Many get turned away at the border, but those who make it through are granted temporary status to stay in the country and have started to forge a new life. In one corner of Dallas, Texas, many of the migrants have banded together and formed their own community which they call “Villa Dallas.”
The name comes from the Venezuelans who arrived in Dallas around 2019 from a village called Villa Del Rosario near the city of Maracaibo and settled in and around the Oaks of North Dallas apartment complex.
“They were the first to arrive,” Senea Gonzalez, who runs a Venezuelan restaurant in the area told The Post. “From there, word kept spreading. One person would bring a friend and that friend would bring another and it kept growing.”
It’s estimated 18,000 Venezuelans now call the Dallas-Fort Worth area home — the vast majority arriving in the last two years, according to the Dallas Morning News. Unlike the well-known and established Venezuelans communities in Miami and Houston, Villa Dallas is made up almost entirely of refugees who have escaped the country in the last two years.

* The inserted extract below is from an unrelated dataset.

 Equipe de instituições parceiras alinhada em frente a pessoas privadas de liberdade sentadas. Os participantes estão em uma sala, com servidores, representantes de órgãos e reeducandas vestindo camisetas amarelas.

Since 2015, seven million people have left Venezuela, escaping the socialist regime of Nicholas Maduro, according to the UN. Initially, many fanned out across South American countries, waiting thinking they would soon be able to go home. However, as conditions have continued to deteriorate, Venezuelans started heading to the US. The UN calls it the “second-largest external displacement crisis in the world.”
Villa Dallas now spills into the neighboring cities of Carrollton and Addison — suburbs of Dallas and have started to integrate peacefully. The Dallas Police Department told The Post crime there is lower than normal and many businesses in the area have sprung up selling arepas and pastellitos — Venezuelans food staples. Gonzalez established her arepa restaurant there and has seen an 80% increase in business since it opened three years ago.

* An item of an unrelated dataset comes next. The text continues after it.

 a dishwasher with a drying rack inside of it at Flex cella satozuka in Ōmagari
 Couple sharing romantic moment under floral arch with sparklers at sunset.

Most of the newly-arrived Venezuelans in the US have on-going applications for asylum –meaning they left their country out of a fear for their life and are legally in the country while the government evaluates them. They can travel, but must regularly check in with Immigration and Customs and Enforcement and attend court hearings while federal courts decide if they can stay — a process that usually takes years.
During that time some are allowed to legally work by being granted a work permit, a process which takes months, but many others find other ways to make money.

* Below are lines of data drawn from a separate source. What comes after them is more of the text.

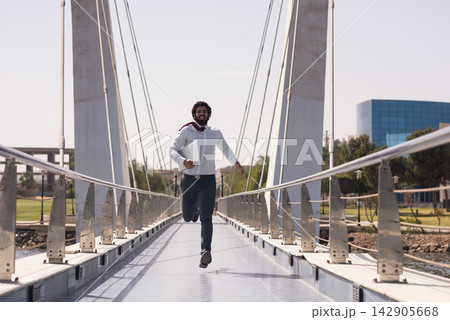 Businessman running across pedestrian bridge with laptop, hurrying to work on a sunny day 142905668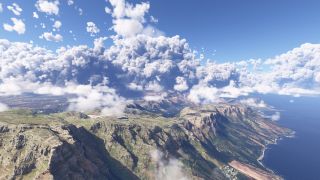 Steep coastal mountains rise beside a blue ocean, with scattered low clouds, towering cumulus formations, and urban development inland.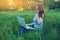 Woman sitting on a green meadow on the background of sunset with clouds. Working on laptop and talking on the phone.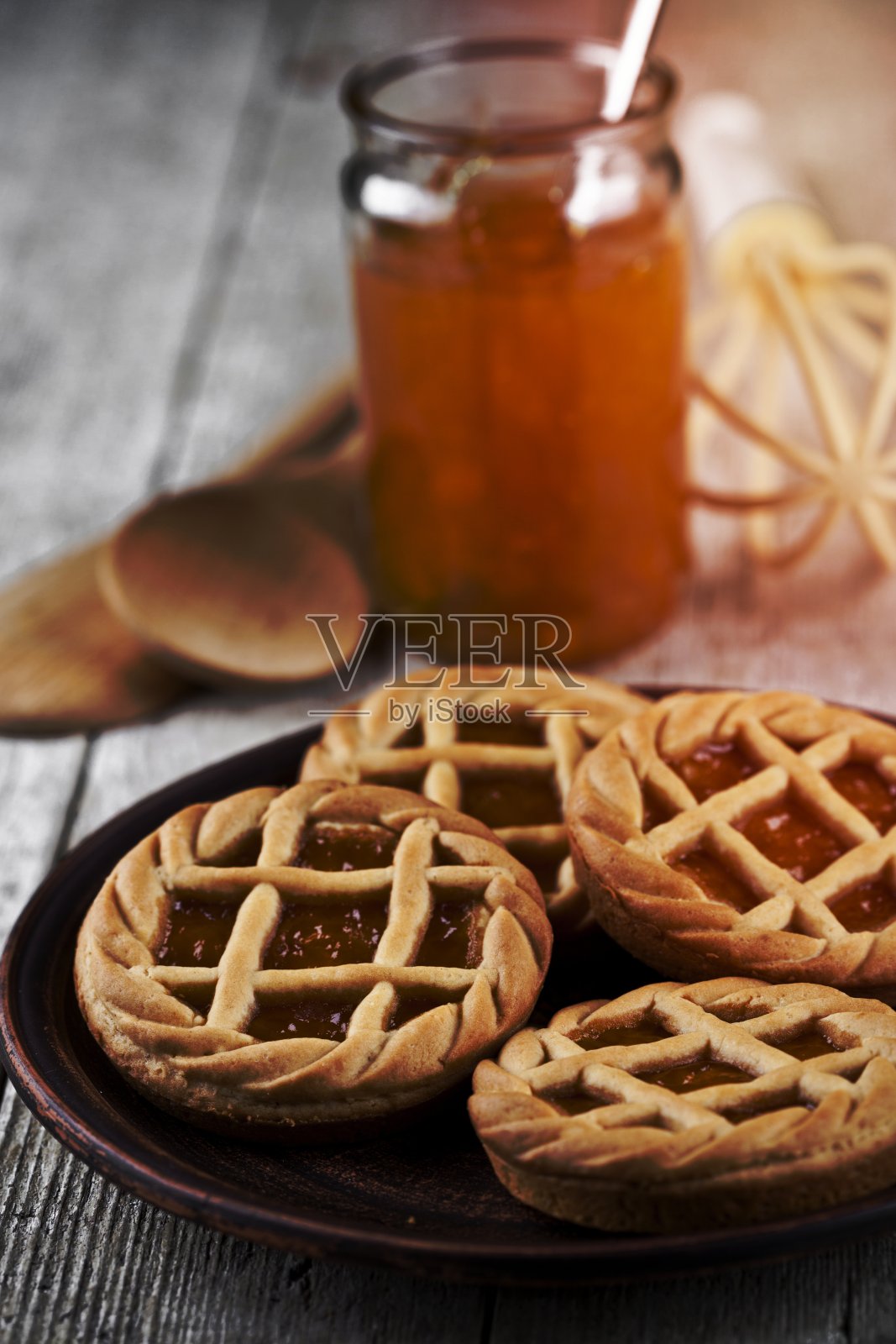 新鲜出炉的果酱或杏酱馅饼,放在陶瓷盘和厨房烘焙用具上。照片摄影图片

“We have groups on WhatsApp and Facebook where we support each other,” explained Gonzalez. “This Venezuelans sews, this one makes birthday cakes, this person can install floors. We hire each other. That’s how we survive until we can get a work permit.”
Before this recent wave, there wasn’t a Venezuelan community in Texas’ largest metro area, where Mexican culture dominates. But just as millions of Americans moving to the Lone Star State have discovered, the strong economy and low cost of living beckoned them to Dallas.
“Dallas is relatively close to the border and there are so many jobs and opportunities here,” said Gonzalez. “Some people went to Miami first, but it’s too expensive to live there, so they moved to Dallas and are really able to be successful here.”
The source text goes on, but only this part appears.